### Problem statement
From the line containing "When purchasing within" down to the line containing "Welcome to another", copy out the entries below exactly, both lines included, and nothing else; pictures do not belong in the copy.

[[ Data to examine, beginning ]]

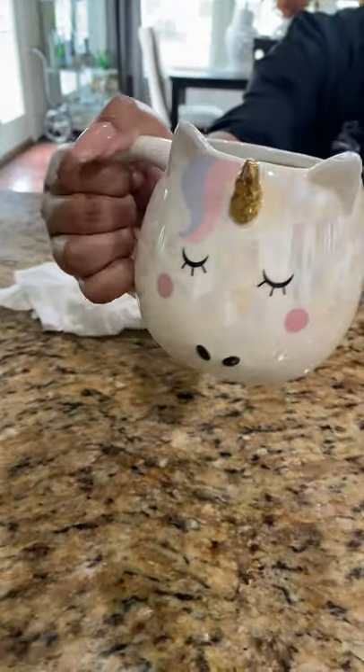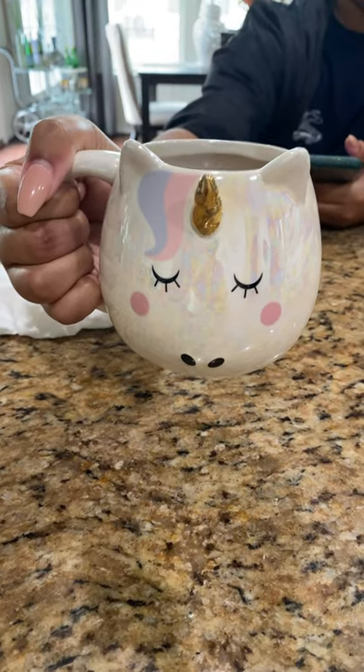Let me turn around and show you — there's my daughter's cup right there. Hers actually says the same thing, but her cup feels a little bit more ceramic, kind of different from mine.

[[ Data to examine, end ]]
[[ Data to examine, beginning ]]

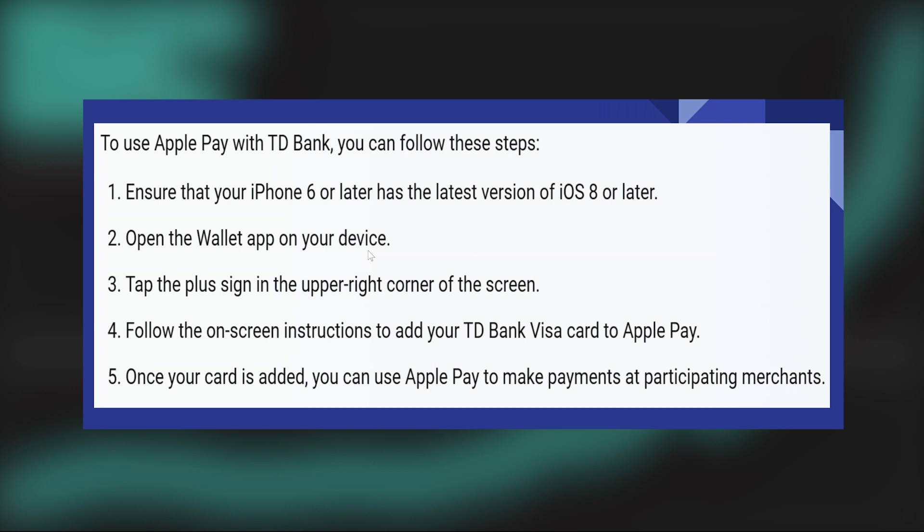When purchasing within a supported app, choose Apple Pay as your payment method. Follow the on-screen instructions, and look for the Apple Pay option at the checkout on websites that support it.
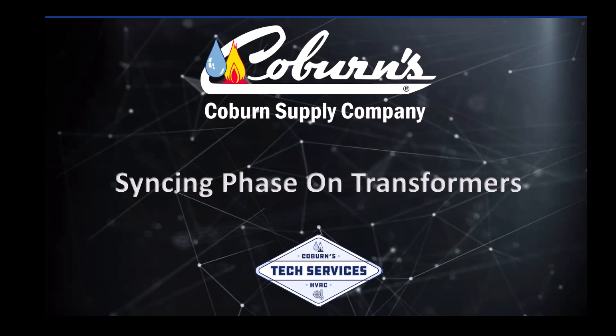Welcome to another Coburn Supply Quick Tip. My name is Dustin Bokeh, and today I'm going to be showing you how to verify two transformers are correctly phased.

[[ Data to examine, end ]]

### Answer area
When purchasing within a supported app, choose Apple Pay as your payment method. Follow the on-screen instructions, and look for the Apple Pay option at the checkout on websites that support it.
Welcome to another Coburn Supply Quick Tip. My name is Dustin Bokeh, and today I'm going to be showing you how to verify two transformers are correctly phased.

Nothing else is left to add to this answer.